A Democracia fenece mas não está à venda
Sarin
Apuram-se os resultados das eleições nos EUA enquanto escrevo este postal. Tardei-o, desta vez intencionalmente, na esperança de poder vir celebrar a forma como a auto-aclamada mais velha democracia do mundo tinha conseguido libertar-se de um Presidente nada democrático e como se preparava para corrigir todos os mecanismos de verificação e contrapeso de que se orgulha, mas que clamorosamente vimos falhar nestes últimos meses.
No entanto, e apesar de os sinais serem mais animadores agora do que durante a madrugada, a verdade é que a democracia já perdeu. A democracia perde quando quem declarada e descaradamente atenta contra ela não é estrondosamente derrotado nas urnas.
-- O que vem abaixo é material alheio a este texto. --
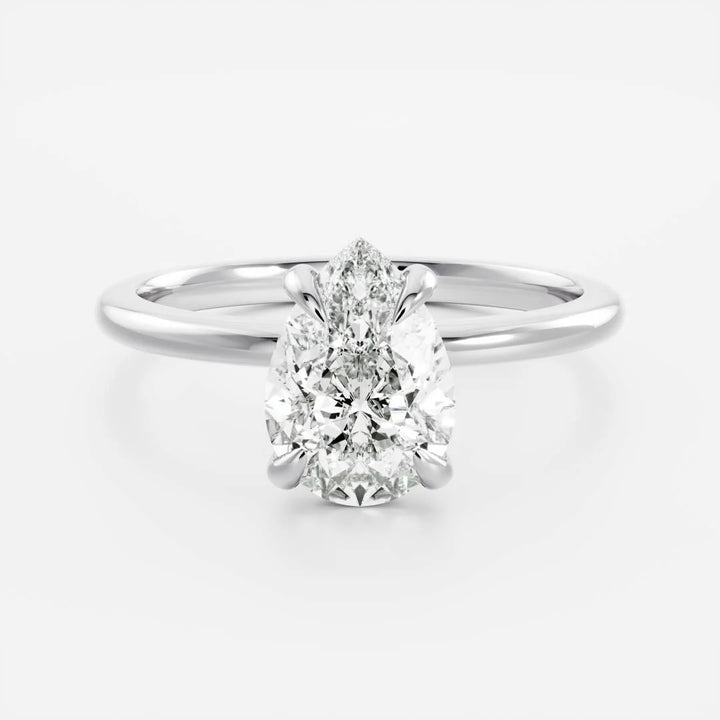 1.0CT Pear Cut Lab Grown Diamond Solitaire Engagement Ring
Trump, cuja única via de fuga a todos os processos que o aguardam é manter-se na Casa Branca, a meio da noite enviou emails aos seus apoiantes, pedindo-lhes que defendessem a democracia. Há cerca de três horas, novo email pedindo que o defendessem. O.
Há dois fins-de-semana, decorreram as eleições nos Açores. PS ganhou sem maioria absoluta, prepara-se uma traquitana à direita. Mais uma vez, a Democracia em acção, e repito o que digo há muito: democracia não é governação por maiorias mas sim governação com o máximo de representatividade. É mais difícil, mas ninguém disse que governar equivalia a estar de férias. Portanto, seja uma geringonça, seja uma traquitana, venham os governos de coligação ou com aliança parlamentar.
O que me incomoda no resultado das eleições açorianas não é a esquerda não conseguir os 29 lugares para conseguir formar governo. O que me incomoda, preocupa, desgosta e irrita é que os partidos de direita ponderem, por um minuto que seja, uma eventual aliança com um partido ilegítimo, anti-democrático e fascista.
O Chega é tudo isto. E qualquer partido que aceite alianças com um partido fascista é, automaticamente, um partido fascista por conivência. Qualquer democrata eleitor ou simpatizante de um partido que admita sequer tal possibilidade deve rebelar-se contra o seu partido, deve exigir explicações, deve recusar participar em tal farsa democrática. A menos que seja fascista e não o saiba.
Sei que há quem tente estabelecer paralelos entre o PCP/BE e o Chega. Que diga "ah, a Direita não deve aliar-se com a extrema-direita mas a Esquerda pôde aliar-se aos comunistas e bloquistas..." Atentemos que PCP e BE estão na vida democrática desde sempre, por mais que voem acusações de antidemocracia nascidas em julgamentos de intenção. Estes partidos ajudaram a construir a Democracia, o PCP por si mesmo e o BE como herdeiro da UDP e do PSR. Independentemente dos seus projectos políticos e sociais, nunca apresentaram quaisquer propostas que atentassem contra os Direitos Humanos ou contra os princípios democráticos da constituição que ajudaram a escrever.
Concentremo-nos na acção real, não no preconceito. E não confundamos opositor político com inimigo. O PCP e o BE podem ser opositores políticos de toda a Direita, mas o Inimigo é o Chega e está dentro desta. Inimigo não do PCP e do BE mas de toda a Democracia, e usa os nossos mecanismos e os nosso princípios democráticos para nos atacar. Exorto-vos a escorraçá-lo.
Os Republicanos não o fizeram, e o Great Old Party foi tomado de assalto por extremistas religiosos, teóricos da conspiração e supremacistas brancos bem financiados. Recorda-vos algum partido? Sim, e o problema é que os velhos senadores republicanos renderam-se por amor ao cargo.
Os Açores serão uma excelente demonstração do banho de ética de Rui Rio.
Ceterum censeo...
Não adormeçam embalados pelo suave ronronar das palavras fáceis. E fiquem bem. Despertos.